══ Record extracts ══

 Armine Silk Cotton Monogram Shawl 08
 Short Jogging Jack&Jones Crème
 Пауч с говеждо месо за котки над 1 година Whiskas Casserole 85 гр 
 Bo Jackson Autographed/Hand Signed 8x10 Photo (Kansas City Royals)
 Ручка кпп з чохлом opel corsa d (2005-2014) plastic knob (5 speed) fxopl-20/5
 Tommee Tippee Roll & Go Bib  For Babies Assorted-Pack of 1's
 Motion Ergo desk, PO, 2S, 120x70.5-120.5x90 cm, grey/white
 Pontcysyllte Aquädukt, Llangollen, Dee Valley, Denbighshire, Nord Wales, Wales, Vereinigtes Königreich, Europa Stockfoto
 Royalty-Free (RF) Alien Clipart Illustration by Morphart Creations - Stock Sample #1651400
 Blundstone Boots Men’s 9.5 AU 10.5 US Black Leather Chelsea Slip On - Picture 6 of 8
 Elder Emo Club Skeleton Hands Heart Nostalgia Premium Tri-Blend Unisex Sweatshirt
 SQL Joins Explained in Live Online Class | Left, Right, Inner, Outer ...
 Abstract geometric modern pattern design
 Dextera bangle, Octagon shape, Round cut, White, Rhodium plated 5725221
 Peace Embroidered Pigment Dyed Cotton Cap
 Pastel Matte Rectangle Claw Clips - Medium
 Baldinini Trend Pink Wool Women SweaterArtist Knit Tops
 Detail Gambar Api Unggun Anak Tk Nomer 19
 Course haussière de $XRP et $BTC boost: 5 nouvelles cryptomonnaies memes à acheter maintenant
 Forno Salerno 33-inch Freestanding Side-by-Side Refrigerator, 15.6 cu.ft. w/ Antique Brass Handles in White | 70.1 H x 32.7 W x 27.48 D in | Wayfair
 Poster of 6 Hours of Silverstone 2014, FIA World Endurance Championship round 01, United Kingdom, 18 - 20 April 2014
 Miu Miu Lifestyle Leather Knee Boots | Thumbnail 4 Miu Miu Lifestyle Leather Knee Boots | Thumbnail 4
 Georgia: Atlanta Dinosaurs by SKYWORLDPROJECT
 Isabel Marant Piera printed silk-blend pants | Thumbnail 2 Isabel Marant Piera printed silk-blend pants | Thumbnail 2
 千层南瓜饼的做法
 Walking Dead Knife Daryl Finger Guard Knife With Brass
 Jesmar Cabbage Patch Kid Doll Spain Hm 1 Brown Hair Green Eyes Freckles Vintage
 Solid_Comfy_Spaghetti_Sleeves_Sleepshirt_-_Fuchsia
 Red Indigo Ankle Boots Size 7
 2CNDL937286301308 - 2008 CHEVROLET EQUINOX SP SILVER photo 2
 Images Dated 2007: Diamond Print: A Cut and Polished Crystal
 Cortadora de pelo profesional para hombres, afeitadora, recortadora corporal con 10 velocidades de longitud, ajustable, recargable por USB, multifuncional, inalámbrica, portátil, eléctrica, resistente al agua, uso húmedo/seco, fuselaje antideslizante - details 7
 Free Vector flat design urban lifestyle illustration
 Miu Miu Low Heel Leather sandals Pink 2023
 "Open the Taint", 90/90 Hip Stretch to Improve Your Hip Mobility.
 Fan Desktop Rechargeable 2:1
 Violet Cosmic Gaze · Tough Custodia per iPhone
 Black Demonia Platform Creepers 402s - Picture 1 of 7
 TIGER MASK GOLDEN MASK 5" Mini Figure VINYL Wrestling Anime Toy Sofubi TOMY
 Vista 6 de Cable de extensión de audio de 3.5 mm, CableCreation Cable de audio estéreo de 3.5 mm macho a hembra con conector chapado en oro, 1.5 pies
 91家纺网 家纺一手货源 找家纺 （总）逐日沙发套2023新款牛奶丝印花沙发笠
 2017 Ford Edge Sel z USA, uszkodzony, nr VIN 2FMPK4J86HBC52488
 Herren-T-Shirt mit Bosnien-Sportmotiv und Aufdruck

═══

** Task item **
Whenever "Cotton" shows up in a line of the listing, copy that whole line.

** Result for this exercise **
 Armine Silk Cotton Monogram Shawl 08
 Peace Embroidered Pigment Dyed Cotton Cap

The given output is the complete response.